Özgürlüklerin Sınırlanması

Özgürlüklerin Sınırlanması Nedir? Korunması Nasıl Gerçekleşir?


Özgürlük kısıtlaması nedir? Bu nasıl oluyor? Özgürlüklerin kullanımı düzenlemelerine bağlıdır. İstisna düşünce özgürlüğüdür. Özgürlüklerin var olması ve insanlar tarafından kullanılması için sınırlar ve kullanım yöntemi tanımlanmalıdır. Her anlaşma bir tür sınırlamadır. Her kısıtlama, özgürlüklerin korunması konusunu gündeme getirmektedir.
Özgürlüklerin kısıtlanması

Evrensel olarak tanınan bir kural, yasama ve kanunla Anayasa tarafından belirlenen özgürlüklerin kısıtlanmasıdır. Bu kural anayasaya ve 1789 tarihli İnsan Hakları Bildirgesi'ne dahil edildi. Bu yöntem kişiye kendine güven verir.
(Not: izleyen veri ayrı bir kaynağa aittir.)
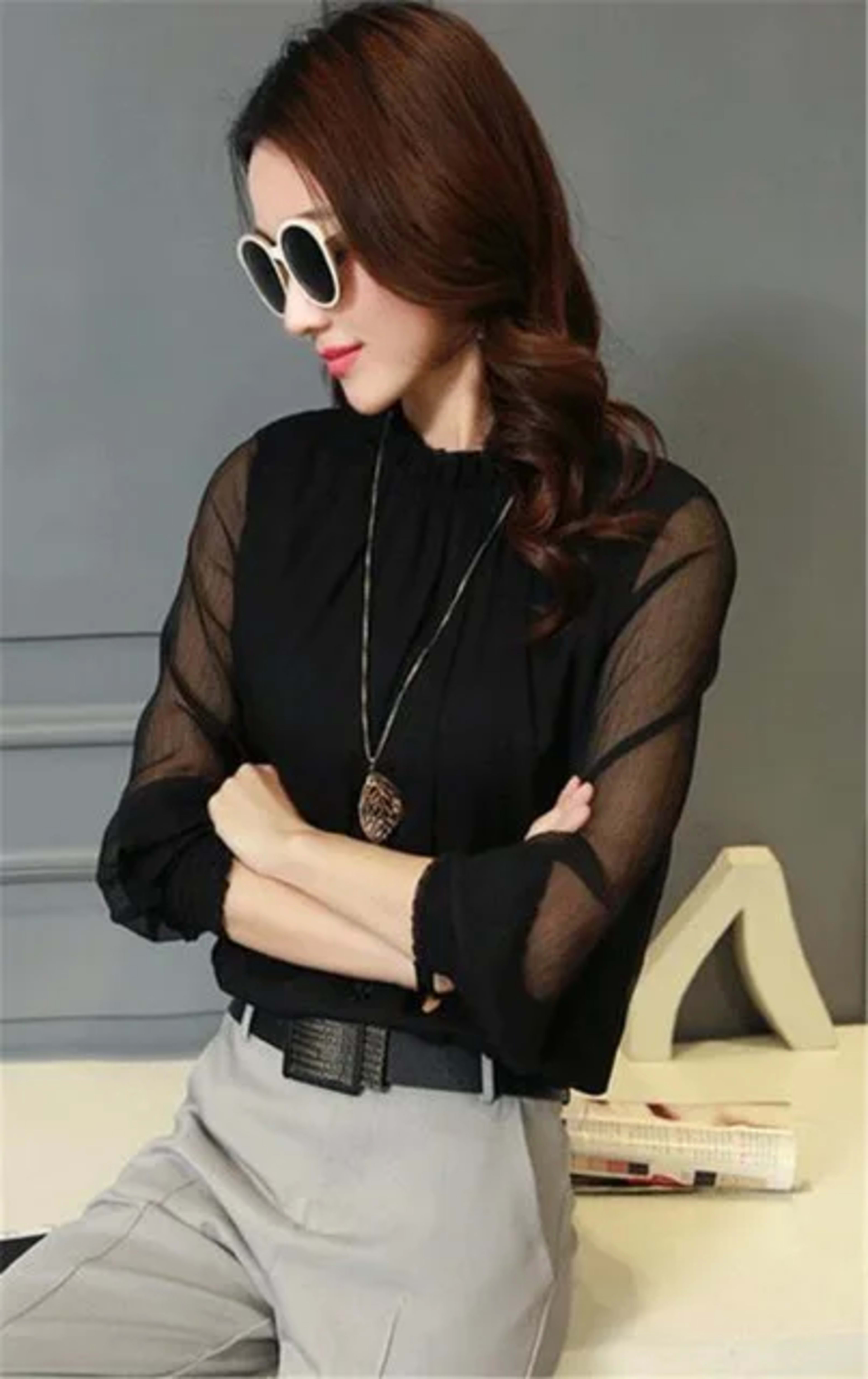 Chiffon Blouse 2019 New Women Tops Long Sleeve Stand Neck Work Wear Shirts Elegant Lady Blouses Casual Solid Color Blusa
Böylece halkın tarafsızlığı, açık tartışma ve tartışma yöntemi kullanılarak meclis çalışmalarının kullanılması, diğer yandan da yasaların genelliği kuralı kullanılarak sağlanır. Anayasalar genellikle yasama organının özgürlüklerini düzenlemede uyulması gereken kuralları da belirler; hedefi aşan kısıtlamaları önlemeye çalışmak. Anayasalar, özgürlüklerin ne zaman ve nasıl kısıtlanabileceğini belirler. Bunlar, tüm özgürlükler için geçerli genel kısıtlamalar veya belirli özgürlükler için geçerli olabilecek özel kısıtlamalar olabilir.
Özgürlük Koruması

Bu, özgürlüklerin düzenlenmesi ve korunması sorununu beraberinde getirir. Hukuk, özgürlüklerin korunmasında önemli bir rol oynamaktadır; ancak bu yol tek başına yeterli değildir. Özgürlükleri korumak karmaşık ve evrenseldir. Özgürlüklerin yasal olarak korunması, başka bir deyişle, korunması iki şekilde sağlanır: bunlardan biri özgürlüklerin anayasaya dahil edilmesi ve yasalarla düzenlenmiş olması, diğeri ise yargı yolunda özgürlüğü güvence altına almasıdır. Yargı incelemesi, bir yanda yasalara ve diğer anayasaya uygunluğun incelenmesini içerir. Her iki yönde adli incelemenin etkinliği, bir hakimin bağımsızlığı ve garantisi ile yakından bağlantılıdır. Kısacası, özgürlüğün sağlanması hukukun üstünlüğüne bağlıdır.

Sadece ulusal değil uluslararası alanda da özgürlüklerin korunması için çaba sarf edilmektedir. Bu alandaki uluslararası belge sayısı her geçen gün artmaktadır. Bunlar 1948 Evrensel İnsan Hakları Beyannamesi ve 1950 Avrupa İnsan Hakları Sözleşmesi gibi belgeleri içerir. Avrupa İnsan Hakları Sözleşmesi bölgesel olmasına rağmen, uluslararası bir yargı kontrol mekanizması getirmesi ilginçtir.

Avrupa İnsan Hakları Sözleşmesi, yasal teknoloji açısından uluslararası bir antlaşmadır. Bu anlaşmanın özelliği, kişilere olağandışı bazı haklar vermesidir. Sözleşme, bir kişinin devlete karşı İnsan Hakları Komisyonu'na itiraz etmesini sağladı ve bu da hakkını ihlal etti. İç hukuk açısından, bir devletin insan haklarının ihlali için bir sanık olarak mahkemeye çıkarılması, hukukun üstünlüğünün egemen olduğu demokrasilerde yanıltıcı bir durum değildir. Ancak, sadece Avrupa İnsan Hakları Sözleşmesi ile insan haklarının ihlali nedeniyle devleti uluslararası yargı yetkisine getirmek mümkün olmuştur. Sözleşmeye taraf olan Devletler, kendi yetki alanlarındaki sözleşmeye uygun olarak insan haklarını ve özgürlüklerini korumakla yükümlüdür. Türkiye 28 Ocak 1987 tarihinde Komisyona bireysel beyanları tanıma yetkisi vermiştir. Dolayısıyla, Avrupa İnsan Hakları Sözleşmesinin ihlali ve kişilerin özgürlüğünün güvence altına aldığı haklarla bağlantılı olarak, Türkiye ile Avrupa İnsan Hakları Komisyonu'na şikayette bulunabilirler.